Во-вторых, поразило то, что из воспоминаний вырисовалась не столько жилищная история, сколько характеры людей.
– Поведение людей отличается в зависимости от их жилищных условий?
– Еще когда мы начали заниматься биографиями, Валерий Голофаст обратил внимание на то, что хотя каждая биография и уникальна, имеет место и макроповедение. Например, дети военных более коммуникабельны, более мобильны – за счет постоянных переездов. Есть общее у людей, побывавших в заключении…
– Что для вас в этих воспоминаниях самое ценное?
– Главное – в них сохранены детали повседневного быта, которые ушли из нашей жизни. Ушли чердаки. Ушли придомовые прачечные. Ушли дворы. Это разрушило коммуникации между людьми. Я, например, знал всех одногодков не только из своего дома, но со всей улицы. Детей в те времена никто не пас, как сейчас. Сегодня детей берегут от любого труда – а в наше время за детьми были закреплены обязанности: скажем, только дети кололи дрова и приносили их домой. Отопление было печное, осенью дрова покупались на каждую семью. Когда появилось центральное отопление, эти заботы у детей закончились. Но появились другие.
– И при советской власти одни жили в коммуналках, другие в отдельных квартирах. Это воспринималось как социальное расслоение?
– Расслоение воспринималось как данность. Кроме того, мало кто жил в отдельных квартирах. Но дети статусных родителей никак не выделялись из общей массы – они были такие же разгильдяи, как и жившие в коммуналках. Сын профессора учился с сыном дворника.
– Разрыв коммуникаций произошел с перестройкой – в конце 1980-х?
– Раньше. Когда появились школы обычные и школы специализированные. И когда стали строить кооперативные дома – это началось с конца 1950-х.
– То есть 1950-е были временем еще коллективным, а 1970-е – уже индивидуальным.
– Конечно. Поэтому книга и разделена на разделы по поколениям. Последний раздел – авторы, родившиеся после 1963 года. Это уже совсем другое поколение. Хотя они перестройку встретили вполне взрослыми людьми, но все-таки без советской власти они прожили большую часть жизни. И это очень на них повлияло.
– Что будет издавать дальше?
– Вдохновленные успехом этой книги, мы решили организовать периодическое издание с условным названием «Частная жизнь. Биографический фонд СИ РАН». И публиковать материалы фонда. Сейчас в нем больше тысячи единиц.

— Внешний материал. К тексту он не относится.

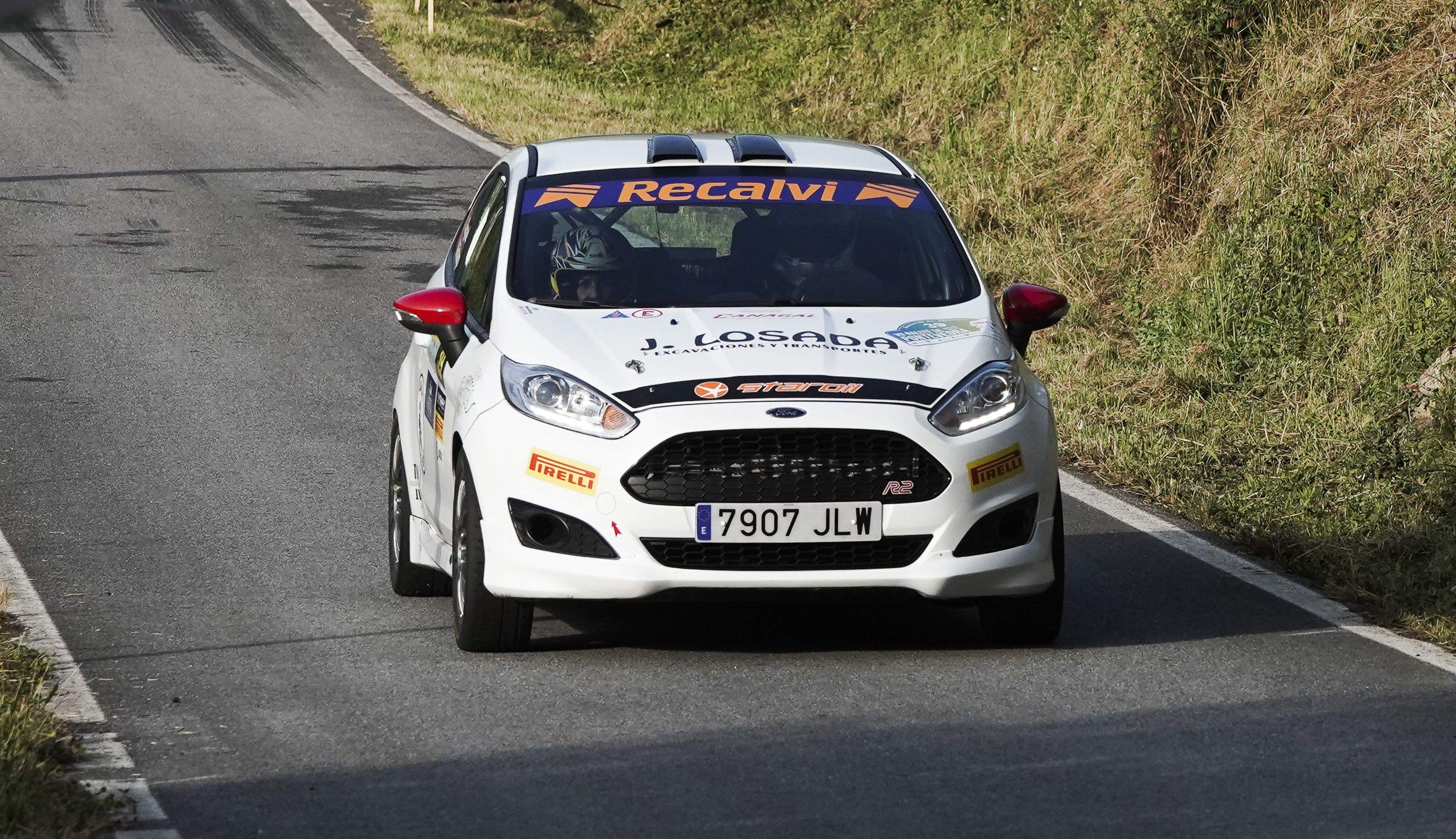 VII Rallye de Pontevedra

У нас есть потрясающей силы материал про то, как в 1918 голу Петросовет организовал поездку 800 петроградских детей на Урал в так называемые питательные лагеря. В Петрограде же голодуха была. Потом гражданская война, обратно в Петроград хода нет. Подключился американский Красный крест. Повезли детей на Дальний Восток. Американцы зафрахтовали пароход. Через Сан-Франциско, Нью-Йорк, Францию, Финляндию дети через несколько лет добрались до Петрограда. И вот у нас есть воспоминания тех детей. Есть судовой журнал парохода, на котором их везли из Владивостока в Сан-Франциско. Мы хотим, чтобы новое издание ввело в научный оборот эти тексты.
Или проблема возвращения из эвакуации в Ленинград после войны не очень раскрыта. Нельзя же было просто так взять и приехать. Нужно было иметь вызов от предприятия. Не всем его давали. Моим родителям повезло, потому что у них была бронь на оставшуюся тут комнату…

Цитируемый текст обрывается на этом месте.